• [ACTIVITY] Could you retype exactly the lines below between the one holding "Niko Resources Ltd." and the one holding "Pis de 71 m² a Gijón", inclusive, leaving out any pictures?

BEGIN DATASET RECORDS

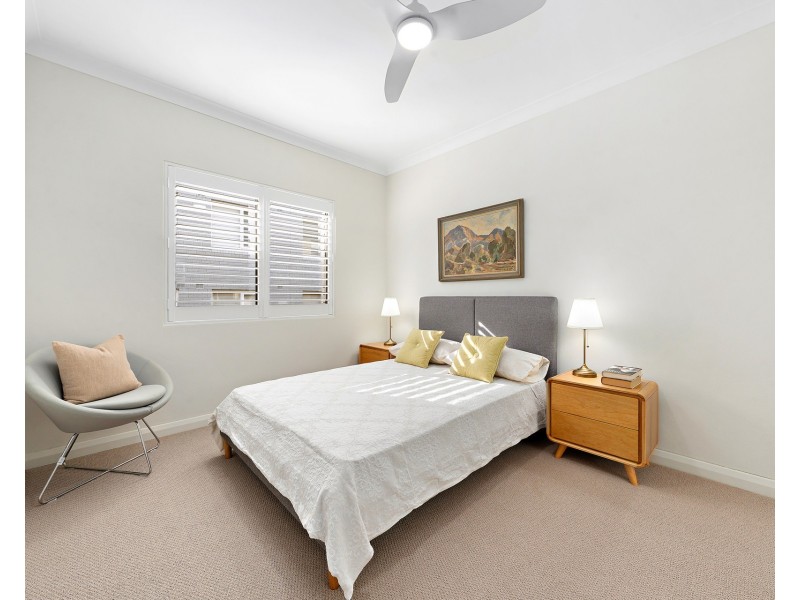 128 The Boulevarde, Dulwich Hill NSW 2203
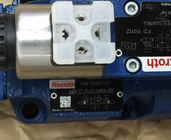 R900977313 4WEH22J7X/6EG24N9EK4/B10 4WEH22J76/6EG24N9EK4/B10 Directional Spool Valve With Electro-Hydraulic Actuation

END DATASET RECORDS
BEGIN DATASET RECORDS

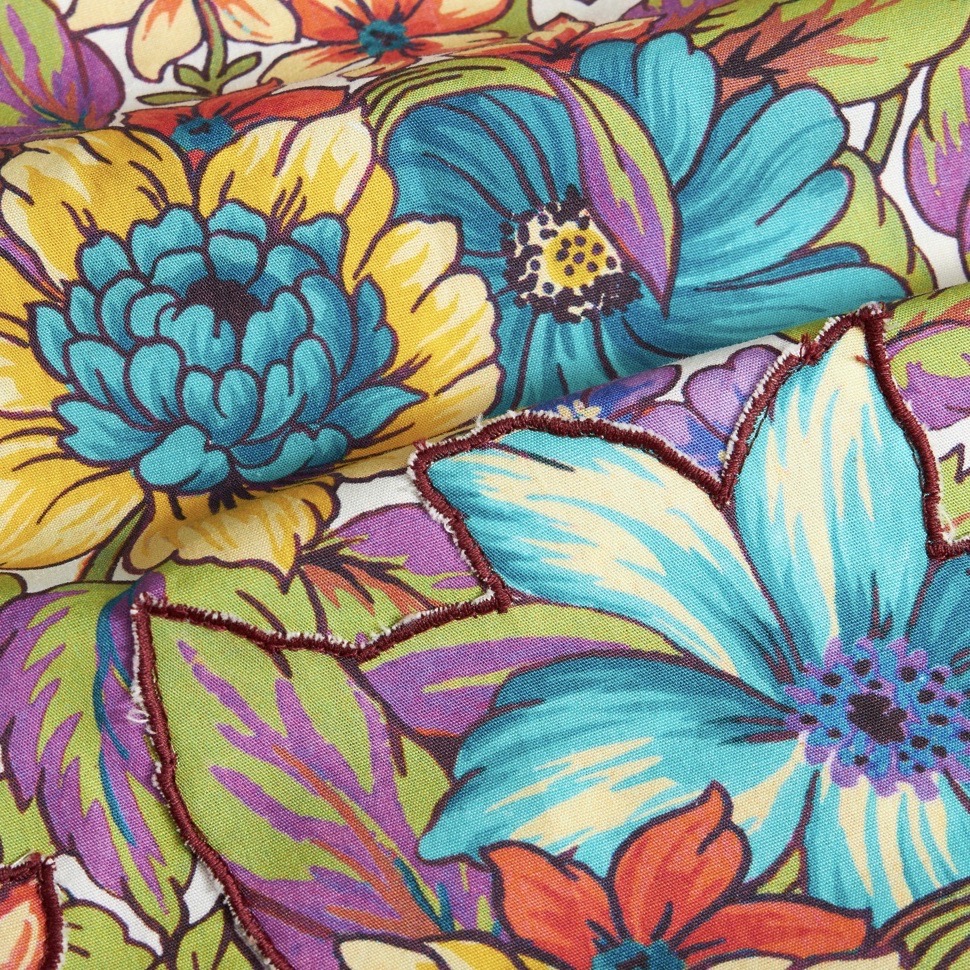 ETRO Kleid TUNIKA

END DATASET RECORDS
BEGIN DATASET RECORDS

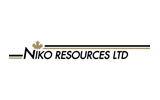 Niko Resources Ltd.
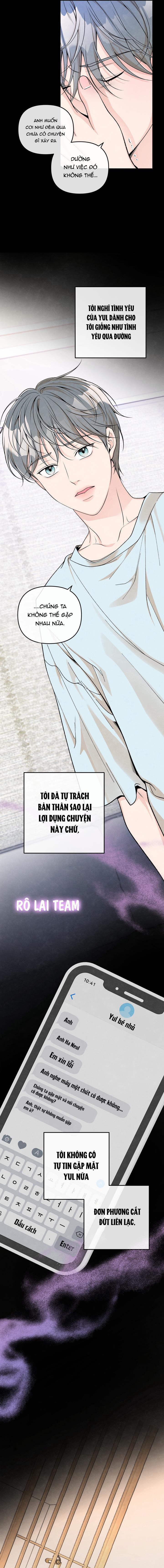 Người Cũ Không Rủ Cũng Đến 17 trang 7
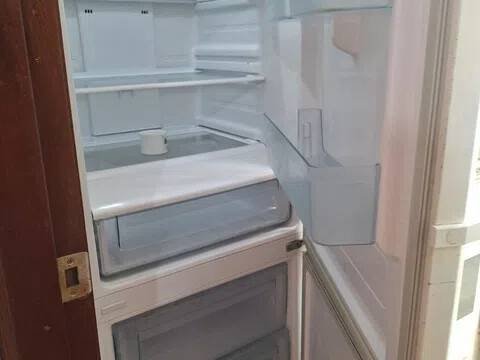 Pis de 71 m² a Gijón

END DATASET RECORDS

• [WRITTEN ANSWER]
 Niko Resources Ltd.
 Người Cũ Không Rủ Cũng Đến 17 trang 7
 Pis de 71 m² a Gijón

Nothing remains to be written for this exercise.